• _MATERIAL SHOWN_
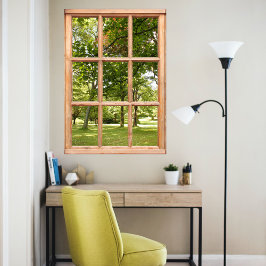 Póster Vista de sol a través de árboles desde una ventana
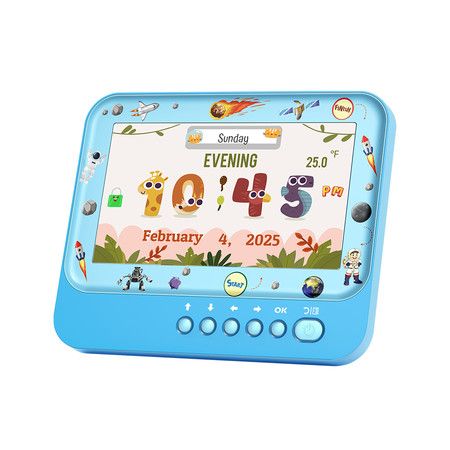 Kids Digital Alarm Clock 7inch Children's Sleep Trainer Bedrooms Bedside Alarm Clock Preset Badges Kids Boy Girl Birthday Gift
---
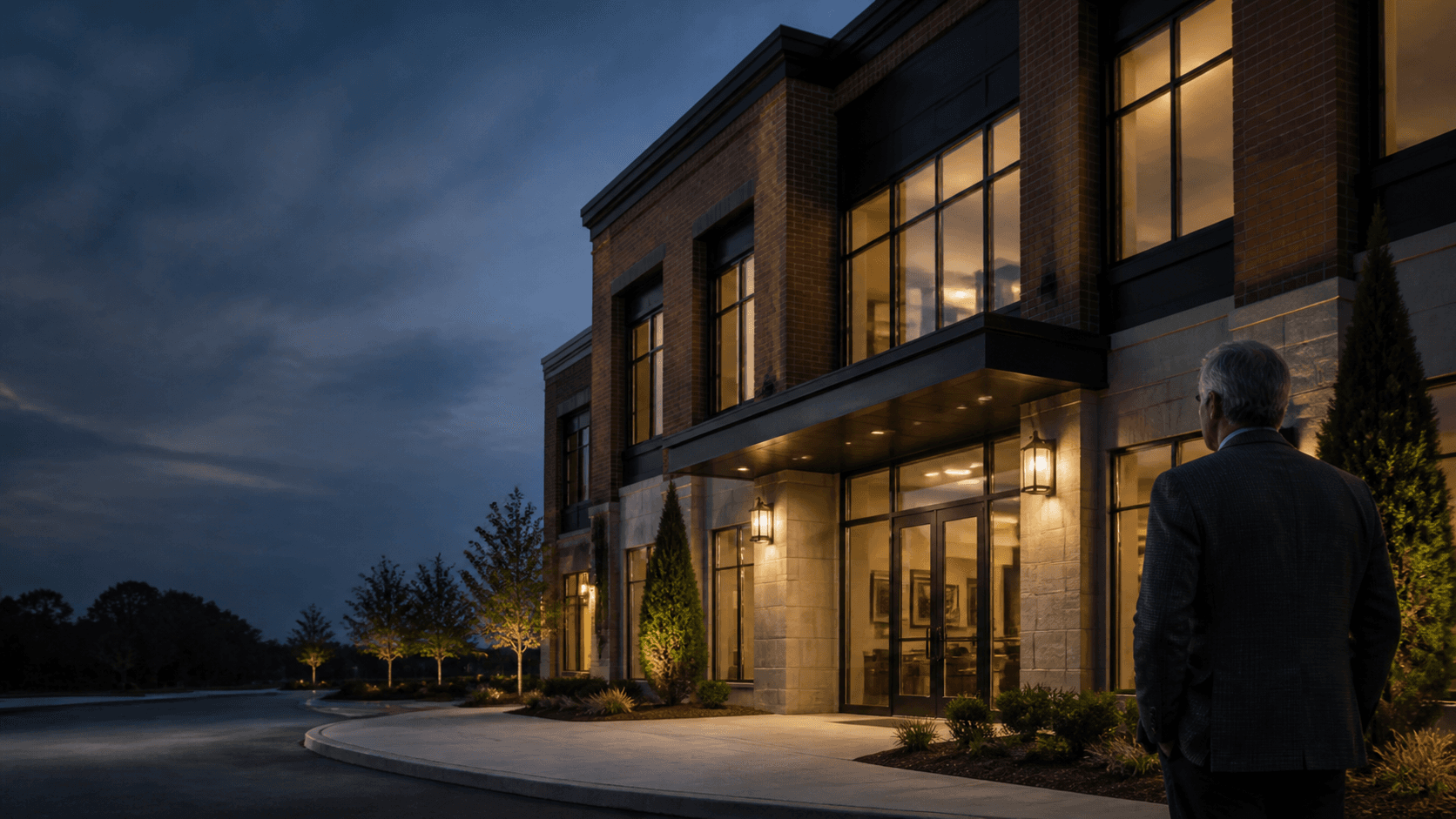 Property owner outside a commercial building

• _WORK INSTRUCTION_
Everything from the line with "Póster Vista de" down to the line with "Kids Digital Alarm" in the data above should be copied exactly, with both end lines kept and the pictures left out.

• _FINISHED EXERCISE_
 Póster Vista de sol a través de árboles desde una ventana
 Kids Digital Alarm Clock 7inch Children's Sleep Trainer Bedrooms Bedside Alarm Clock Preset Badges Kids Boy Girl Birthday Gift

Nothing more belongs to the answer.